Oh, so we're fucked? If there's one thing you can say about Fritchen it's that he's consistent. We have yet to read a quote where he hasn't said something about how completely fucked the budget is. So unbending union enjoying a sweetheart deal from the Chavez Council. Next verse same as the first. Tell me something I haven't heard.

(Fire Chief Ron) Hittle predicted the union would further renegotiate in the interests of the city.

Oh, so they're going to be flexible. That's refreshing. Hey wait, that nagging feeling is coming back. What's this over here?

"We will make no further concessions - we've made plenty - until every other labor group in the city has matched the concessions we've made," (FD Union President Capt. Dave) Macedo said.

Snap! RACE WAR!!!!! Ok, well, PD/FD war. I thought this only happened in movies and on Reno 911. Wasn't PD just bitching about FD's lack of cuts? Wish you had taken cuts last year when the Council was passing out promises it had no intention of backing up don't you PD?

But we've been talking about all these layoffs way too much lately. Plus, it looks like they're finally realizing pay cuts are better for the public than layoffs. So let's check Fitzy's next item that will assuredly be another great idea to cut excessive government spending.

2. A mountain of Folgers Crystals

Oh shit. Are you fucking kidding me?

I asked the city to account for its coffee intake, mindful that in most offices employees buy their own coffee.

2008 tax dollars spent on coffee, etc.: $34,938.24.

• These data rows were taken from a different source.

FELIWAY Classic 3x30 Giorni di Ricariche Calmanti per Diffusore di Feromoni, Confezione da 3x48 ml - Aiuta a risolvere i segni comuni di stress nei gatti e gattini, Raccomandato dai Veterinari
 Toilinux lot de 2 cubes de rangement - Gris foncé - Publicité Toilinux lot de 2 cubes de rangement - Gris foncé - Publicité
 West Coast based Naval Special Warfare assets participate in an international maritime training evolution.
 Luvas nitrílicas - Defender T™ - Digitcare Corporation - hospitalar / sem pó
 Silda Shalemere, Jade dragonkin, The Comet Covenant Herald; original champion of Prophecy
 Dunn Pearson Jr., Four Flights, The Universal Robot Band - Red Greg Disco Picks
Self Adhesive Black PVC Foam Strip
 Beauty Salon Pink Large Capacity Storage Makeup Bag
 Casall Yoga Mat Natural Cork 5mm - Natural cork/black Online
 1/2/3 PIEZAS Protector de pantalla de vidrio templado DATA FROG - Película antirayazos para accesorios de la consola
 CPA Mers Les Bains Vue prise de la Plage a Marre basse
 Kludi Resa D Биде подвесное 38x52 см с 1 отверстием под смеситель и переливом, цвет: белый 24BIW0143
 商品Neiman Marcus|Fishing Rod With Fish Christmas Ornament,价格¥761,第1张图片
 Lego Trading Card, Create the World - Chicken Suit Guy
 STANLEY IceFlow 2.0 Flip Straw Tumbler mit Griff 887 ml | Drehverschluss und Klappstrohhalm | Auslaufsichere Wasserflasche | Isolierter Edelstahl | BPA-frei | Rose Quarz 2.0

I could make some sarcastic joke about how that's some crack investigative journalism right there. But I have a bigger bone to pick right now. You can bitch about pay rates, you can put a hit out on pensions, but you do NOT fuck with the java dude. Especially over 35 grand. We have a $30 million budget shortfall. 35 grand is a drop in the hat. That pays for what? Half a cop? It's just not worth pissing off every city worker ever. Apparently Fitzy doesn't mind waiting 6 hours any time he wants to use a city service. What do you think's going to happen next time you call the city to help you cut a particularly big branch that's up too high on one of the trees in front of your house Fitz? Or what about the next time you need a permit? Fuck that, what about the next time somebody from the Record needs to go to a source working for the city? They're going to say "Fuck you" while they struggle to keep their head up because some pompous fuckshovel brought their coffee budget to the attention of the public.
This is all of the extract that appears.